Cameron Smith

Personal information
- Born: September 18, 1995 (age 30) Rockford, Illinois, U.S.
- Height: 1.75 m (5 ft 9 in)
- Weight: 60 kg (132 lb)

Sport
- Country: United States
- Sport: Ski mountaineering

= Cameron Smith (ski mountaineer) =

American ski mountaineer (born 1995)

Cameron Smith (born September 18, 1995) is an American ski mountaineer. He will represent the United States at the 2026 Winter Olympics.

==Career==
Smith attended Guilford High School in Rockford, Illinois. After graduating in 2014 he moved to Colorado to attend Western Colorado University and discovered ski mountaineering. He became the first American male to finish in the top of a World Cup race. He also became the first American male to earn a World Cup medal, which he accomplished on January 16, 2022, finishing in third place in the vertical race. He is an eleven-time US Ski Mountaineering national champion, and five-time North American Ski Mountaineering champion.

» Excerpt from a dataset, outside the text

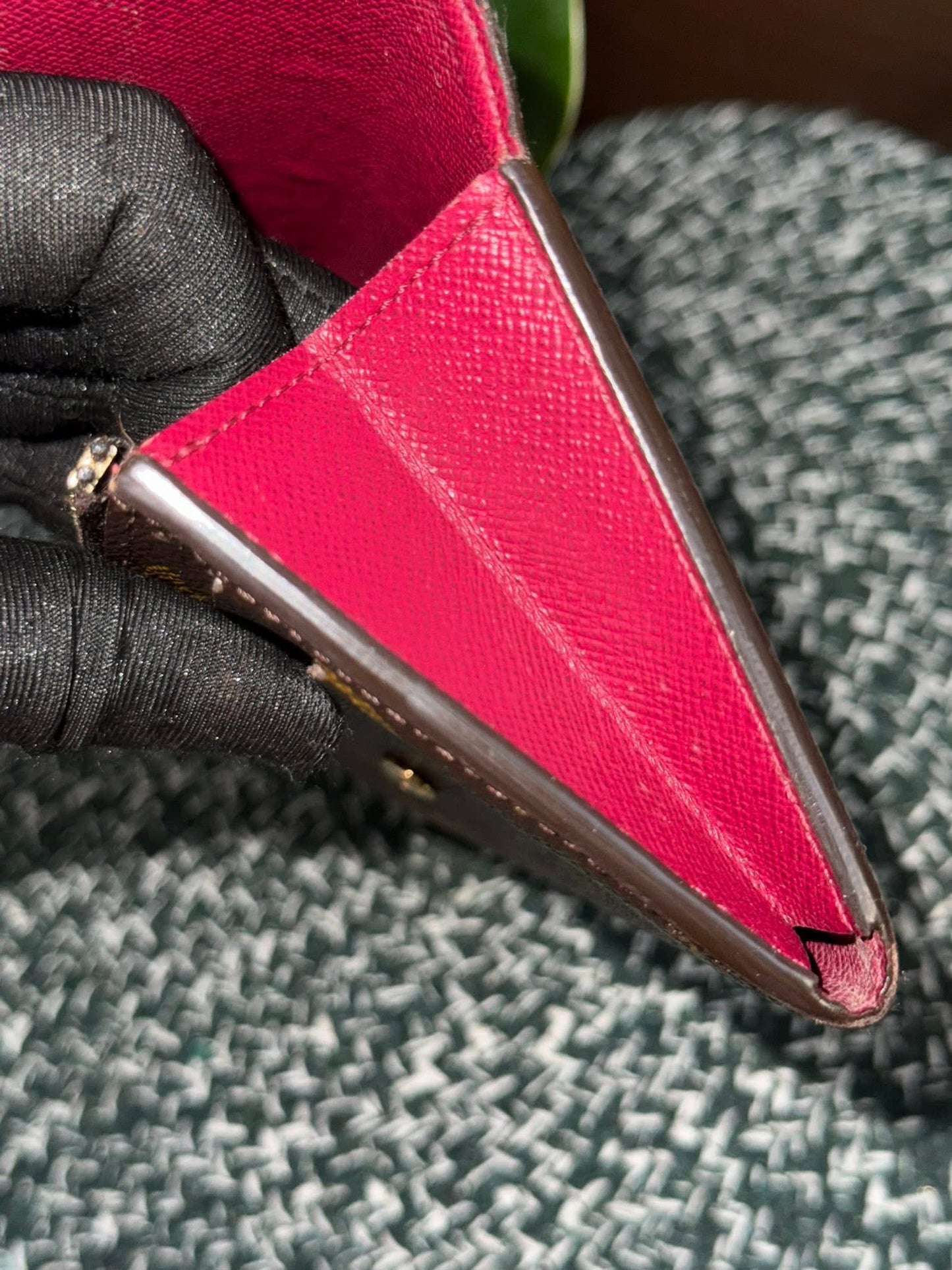 Emilie Peony Wallet in Monogram 🗓️ Year: 2017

During the opening race of the 2025–26 ISMF Ski Mountaineering World Cup on December 6, 2025, he finished in first place in the mixed relay, along with Anna Gibson. They became the first American team in World Cup history to medal in the event. With the win, they earned an Olympic quota spot and qualified to represent the United States at the 2026 Winter Olympics.